A Eletrobras, que o governo Bolsonaro entregou neste ano, foi “doada” por cerca de um sétimo dos juros pagos aos banqueiros no ano passado. A maior empresa de energia da América Latina foi entregue, praticamente em troca de bananas. O que revela que a história de privatizar empresas públicas para pagar a dívida, repetida tantas vezes por Paulo Guedes e outros, é uma conversa fiada que não tem limites.
A situação do Estado brasileiro é radicalmente complexa e, portanto, requer ações determinadas. Os capitalistas não investem em obras de infraestrutura, seja porque não têm dinheiro (no caso dos pequenos e médios), seja porque podem ter muito mais retorno especulando com papéis da dívida pública (no caso dos grandes capitalistas). Por outro lado, a sucção de recursos provocada pela dívida pública, faz com que o Estado fique trabalhando o tempo todo somente para engordar os especuladores. Não sobra dinheiro para mais nada. Quando acontece uma enchente, como há poucos dias no Sul do Brasil, o povo pobre fica debaixo de água, porque o Estado não tem dinheiro para fazer obras fundamentais para um mínimo de bem-estar da população.
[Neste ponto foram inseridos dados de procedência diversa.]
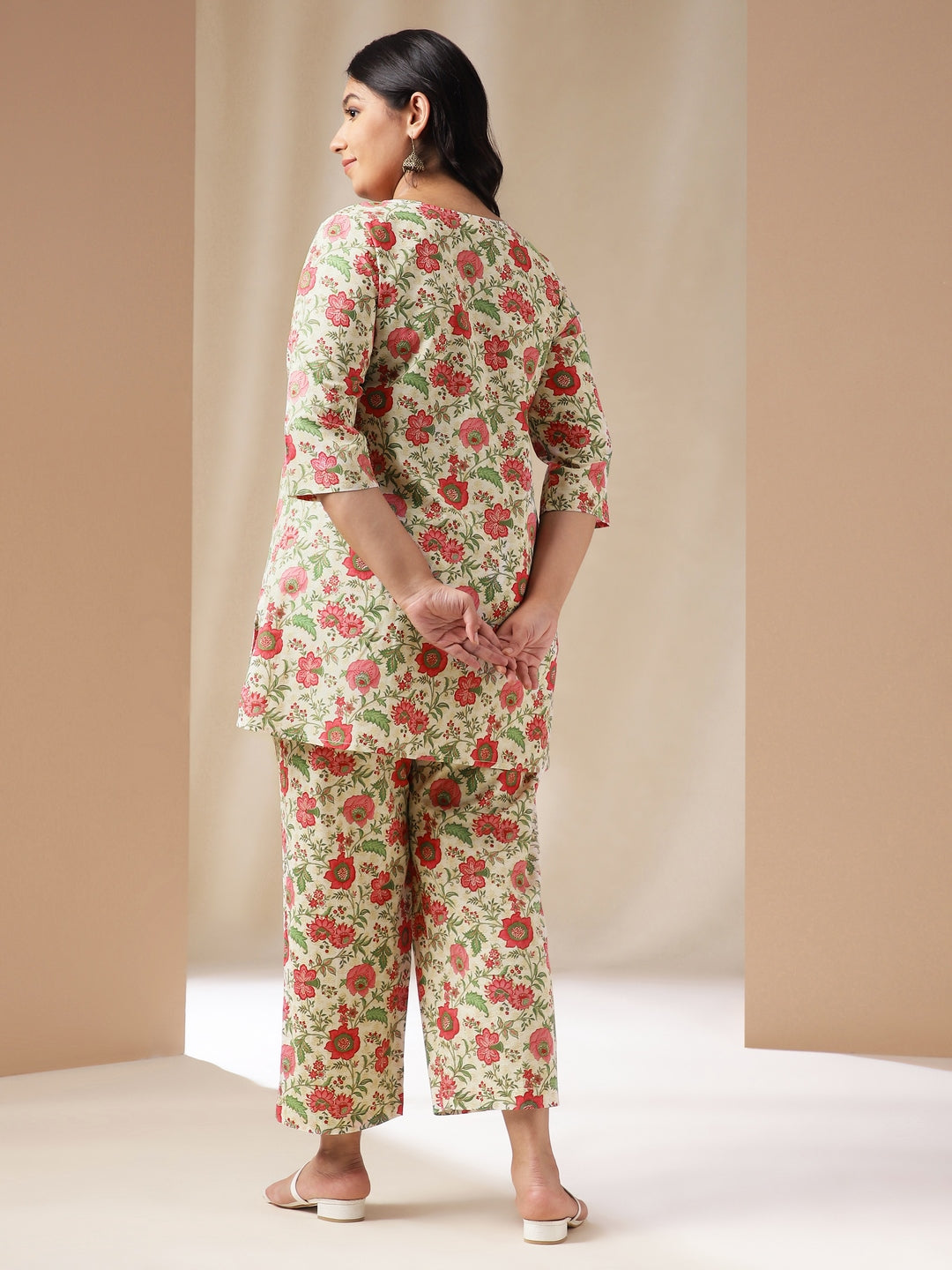 Janasya A-Line Cambric Off White Floral Round Neck Co-Ords - Distacart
Isso em um país onde a estrutura de arrecadação é regressiva, ou seja, feita através de impostos indiretos, pagos pelo povo.
Do ponto de vista econômico algumas medidas não poderiam faltar em um processo de reconstrução econômica do Brasil, cuja economia foi quase destruída pelos golpistas: retomada do crescimento; programa vigoroso de combate à fome; programa de investimentos em infraestrutura urbana; recuperação do mercado consumidor interno; revogação do Teto de Gastos; nova política de preços dos derivados do petróleo; amplo programa de recuperação da indústria e inovação; política de exploração mineral do país; política pública e integrada de segurança hídrica para o país; reversão das privatizações na Petrobrás e na Pré–Sal Petróleo S.A. (PPSA); reversão de todas as privatizações ocorridas desde o golpe de 2016; estruturação de uma política de defesa da Amazônia.
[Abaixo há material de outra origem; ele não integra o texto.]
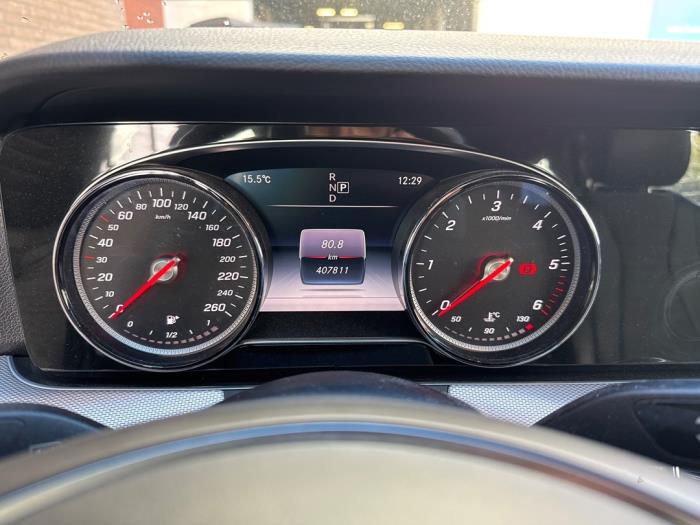 Mercedes E Estate E-200d 2.0 Turbo 16V Skrotfordon (2017, METALLIC ZWART)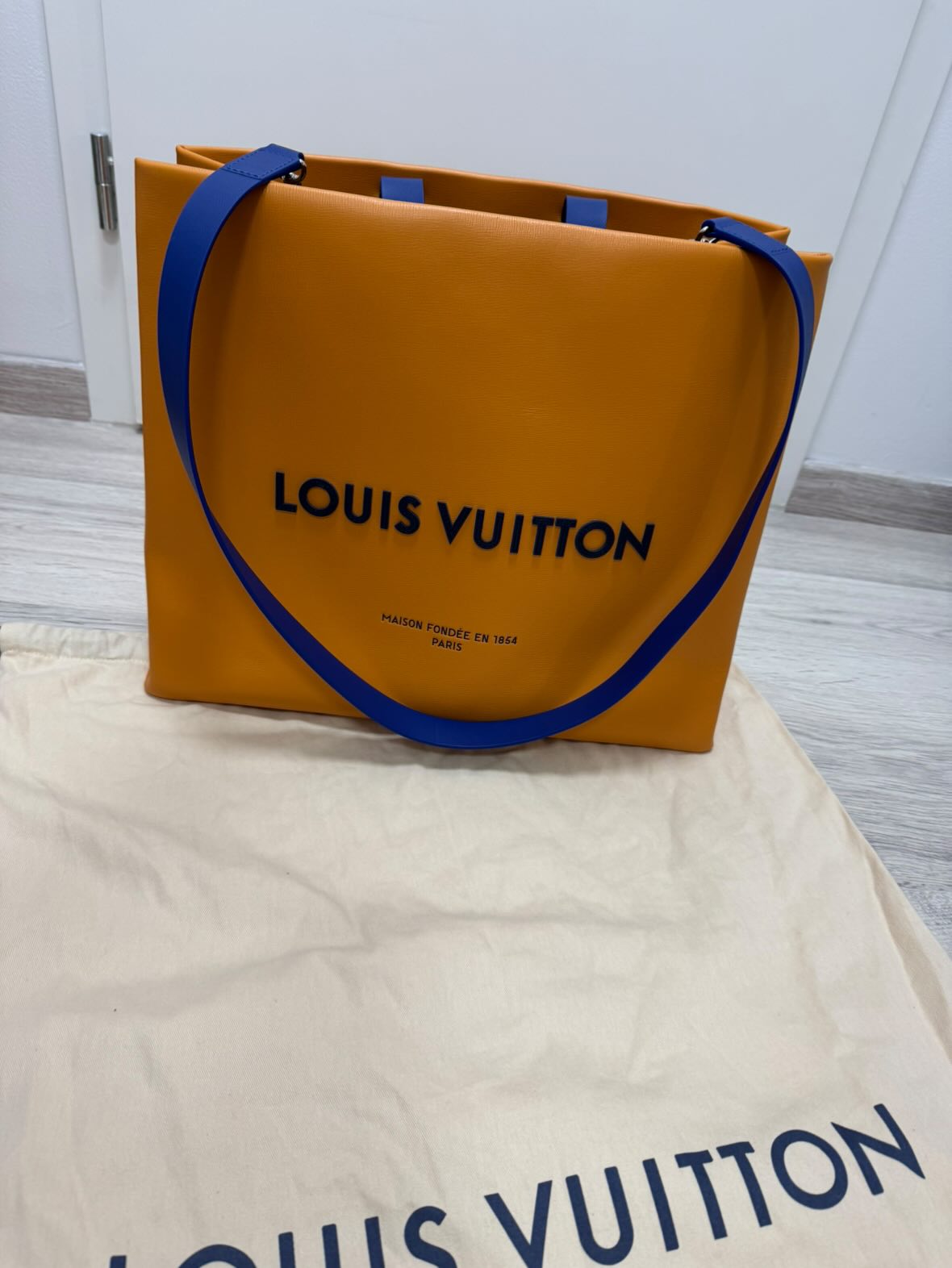 Louis Vuitton Leather Tote Bag/ Luxury Brands Malta/ Pre Owned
A implementação dessas medidas – e tantas outras essenciais – depende de alteração na correlação de forças, e não apenas de competência técnica. Ademais, o encaminhamento das medidas elencadas implica na retomada do papel que foi retirado do Estado brasileiro, principalmente a partir do golpe, de indutor do crescimento e do desenvolvimento nacional. O país precisará ser reconstruído. Lula, em entrevista coletiva no dia 02 de dezembro último, repetiu o que já tinha dito em outras ocasiões: “ganhei as eleições para governar para o povo pobre mais humilde deste país. Esta é a minha missão”. Esta genuína convicção do futuro presidente, para se tornar ação concreta, terá que encarar o problema da dívida pública e os seus beneficiários, que são muito poderosos.
José Álvaro Cardoso é economista e supervisor técnico do DIEESE em Santa Catarina.